非常事態で高揚した状態は、しばらくすると失われる。すると、もう報道されない、助け合うこともない。せちがらい日常が戻ってくる。そのとき、我慢しにくい抑うつや疎外感が始まる*1
「助けたい」という思いは、それ自体が考察や関係を硬直させることがある。緊急時にはうまく働いても、30年そのままというわけにはいかない。


今後、「誰が当事者枠を獲得できるか」をめぐって、深刻さのつばぜり合いが始まるかもしれない。そして「当事者」は、差別や逆差別の枠組みでもある*2
誰かを特別扱いすることは、当事者概念運用による関係布置がやるべき仕事の一部にすぎない。例えばそのことを、ガタリの諸概念とともに論じるべきだと思うが*3、ここには「支援を考える人たち」の使命感が賭けられているため、たいへん難しい。
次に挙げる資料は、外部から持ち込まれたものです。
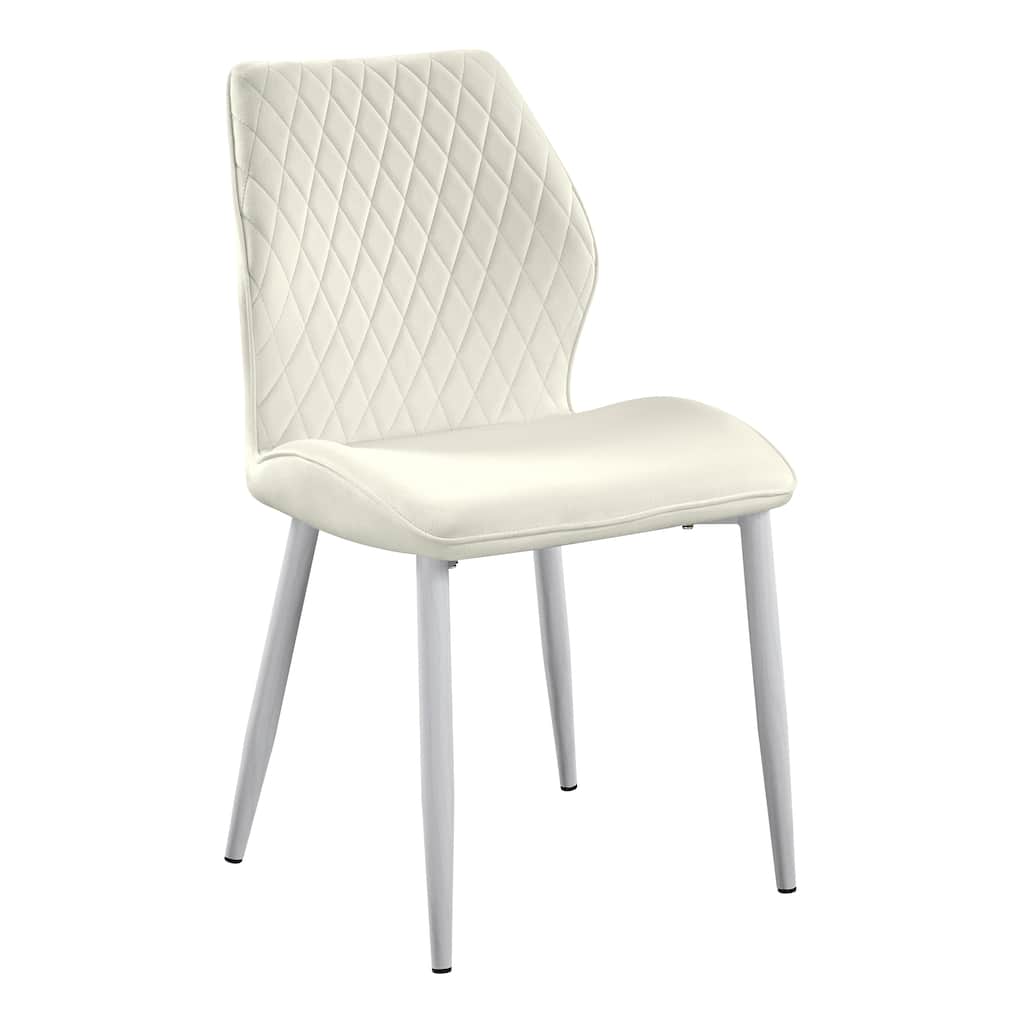 Beige Velvet Upholstered Dining Chair with White Metal Legs Set of 2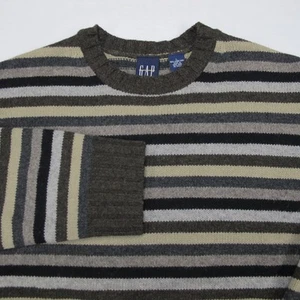 Vintage GAP Sweater Mens Large 100% Lambs Wool Y2K 2000s Striped Knit Emo Grunge - Picture 1 of 9
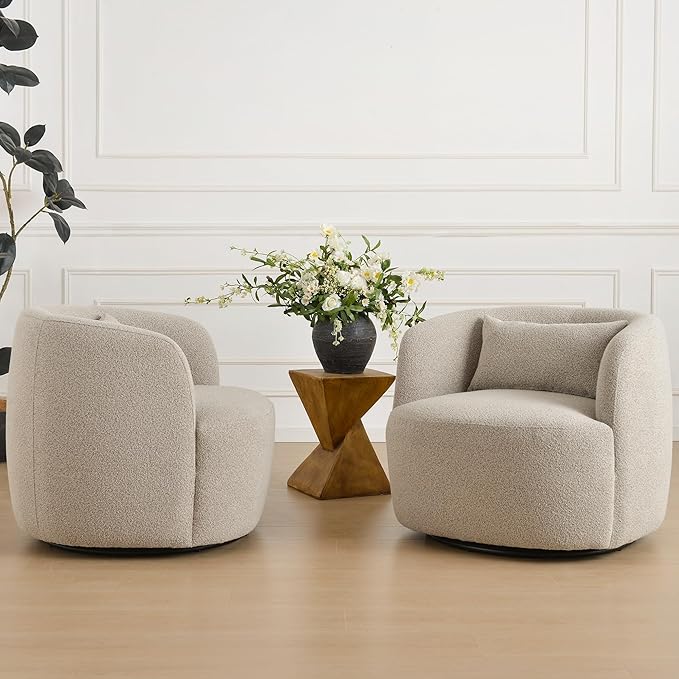 KINWELL 34" Wide Sherpa Swivel Barrel Chairs Set of 2, No Assembly Round Boucle Upholstered Accent Chairs Armchairs Single Sofa Chair with Toss Pillow for Living Room and Bedroom, Taupe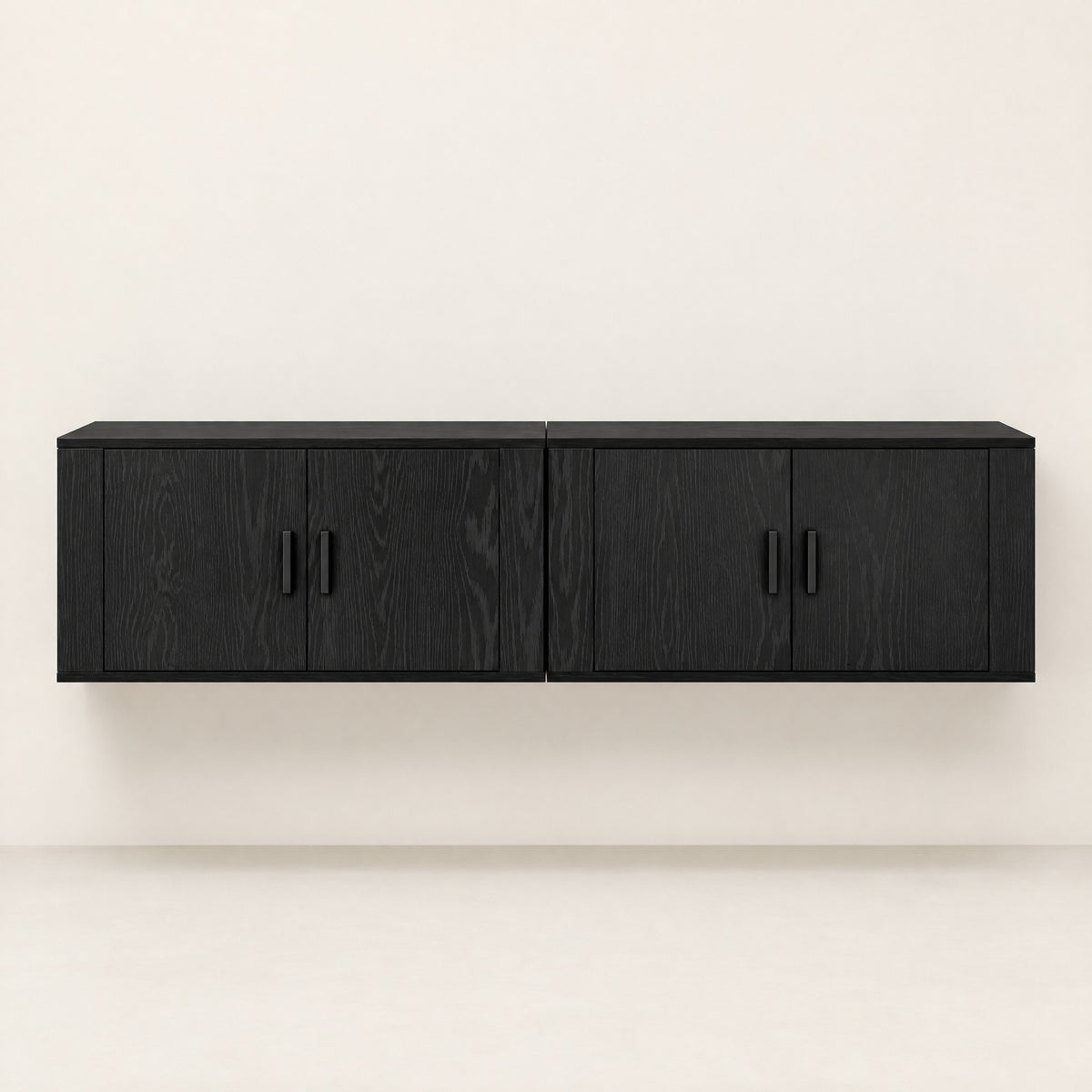Lot de 2 meubles TV suspendus chêne noir, vue de face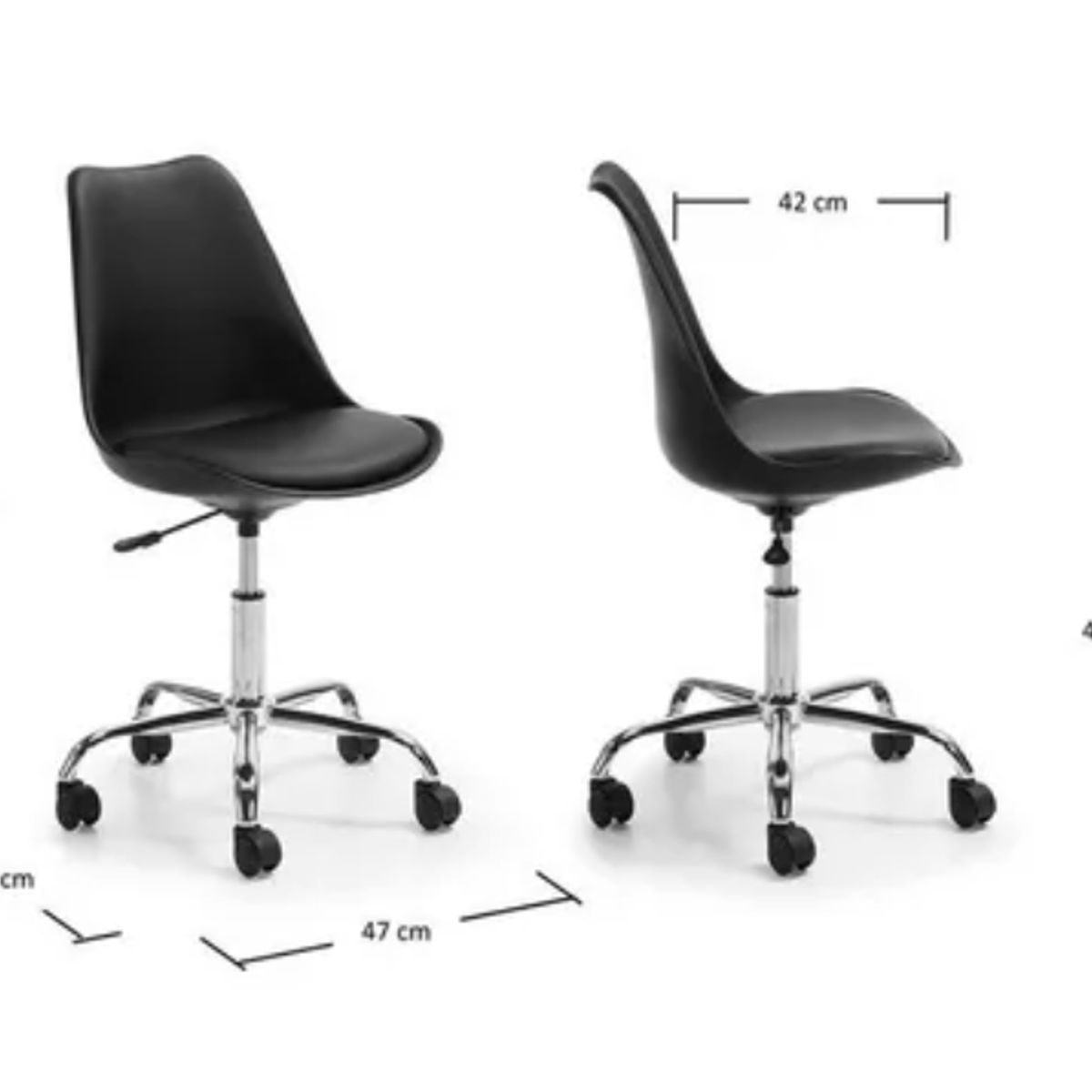 HABITA2 CHILE - Pack Tulip Work de Escritorio con Cojin de Ecocuero- Negro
間違ったまま硬直した当事者論が、主観や関係性を委縮させている。それは積もり積もって、マクロにも影響を与える。逆にいうと、私たちの主観や関係性をいつの間にか設計している当事者概念を考え直すことが、重大な支援事業になる。

非日常な時間は、私たちに主権の感覚を思い出させる。ルーチンの破綻が、誰かを当事者にする*4――そのことを、日常に繰り込めないか。受動的に湧いてくる分析プロセスを生き直すことで、主観性と関係性が、別の時間を生きられないか。
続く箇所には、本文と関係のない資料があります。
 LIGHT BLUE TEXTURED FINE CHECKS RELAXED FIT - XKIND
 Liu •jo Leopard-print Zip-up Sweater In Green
・・・・と、これだけ記しても、何をしたことにもならないと思う。残りの人生の課題にしたい。



*1:孤独死」という言葉は、阪神・淡路大震災から二カ月ほどたって使われ始めた。 額田勲『孤独死―被災地神戸で考える人間の復興』p.46 によると、1995年4月5日の神戸新聞の記事以後、この単語が広がりを見せている。
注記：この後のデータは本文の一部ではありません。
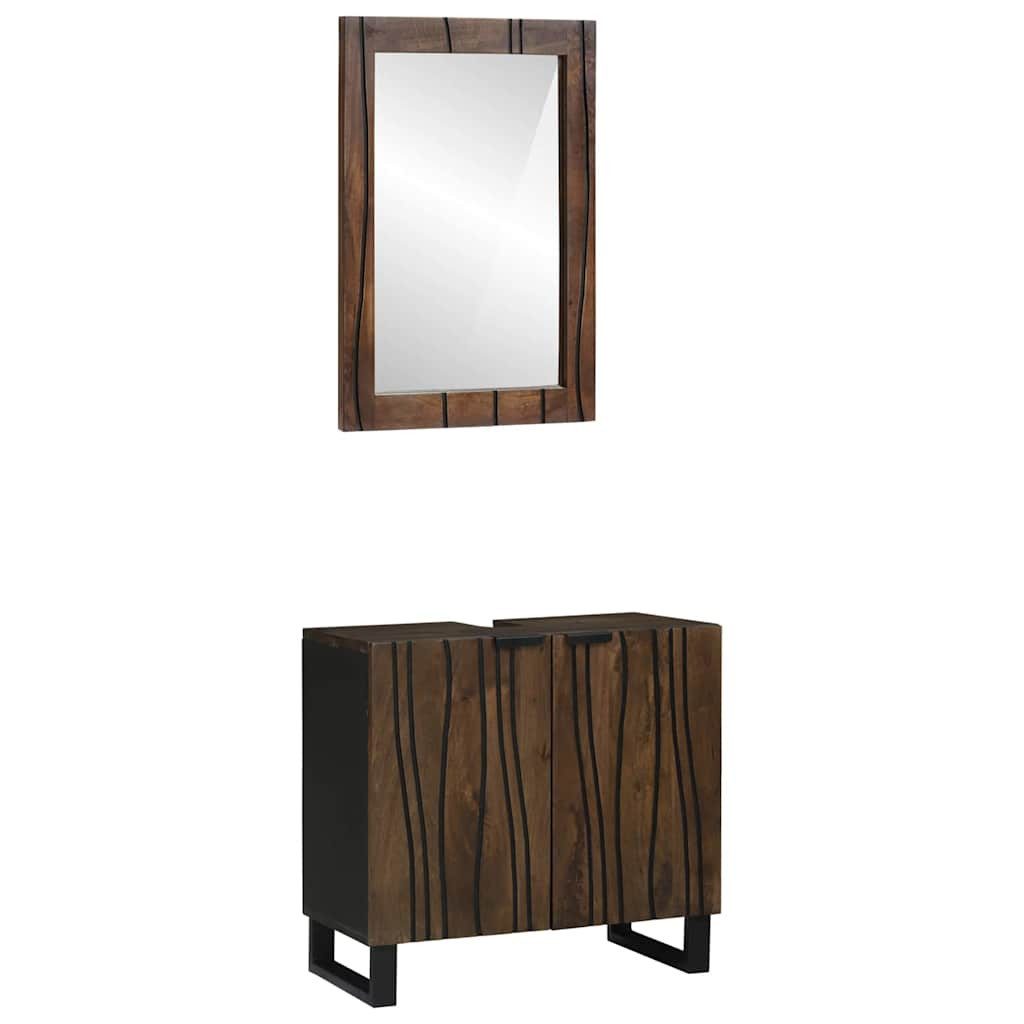 vidaXL Badezimmer-Set Badezimmermöbel-Set mit Regal 2 pcs Walnussbraun Holzwerkstoff, (2-St)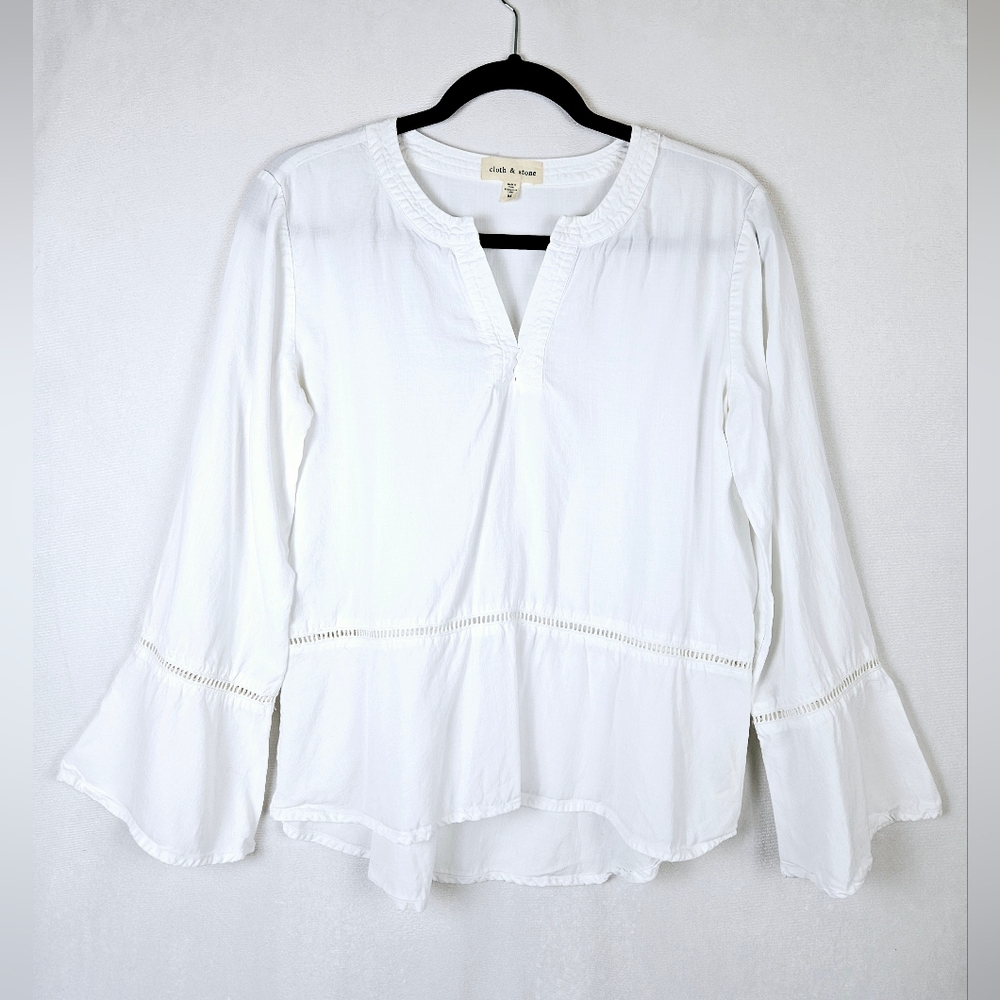 Cloth & Stone Boho Cottagecore Fairy Peasant Blouse White Size Medium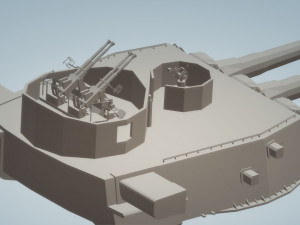uss north carolina and wisconsin 16 inch stern turret Model 3D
*2:上野千鶴子・中西正司『当事者主権 (岩波新書 新赤版 (860))』は、この問題をまったく扱えていない。 「当事者」を名詞形で固定し、議論が展開されている。

*3:cf.山森裕毅id:impuissance「フェリックス・ガタリにおける記号論の構築(1)」(大阪大学大学院人間科学研究科『年報人間科学』第32号,2011年3月,pp.153-171 掲載)。 「アジャンスマン」「ダイアグラム」といったガタリの概念では、努力が編成されるプロセスのありかたが問題になっている。 山森氏はこの論考で、そうした議論の基礎に記号論があると整理されている(参照)。

*4:「例外状況に決定を下すのが主権者」という、カール・シュミット政治神学』の議論を参照できる。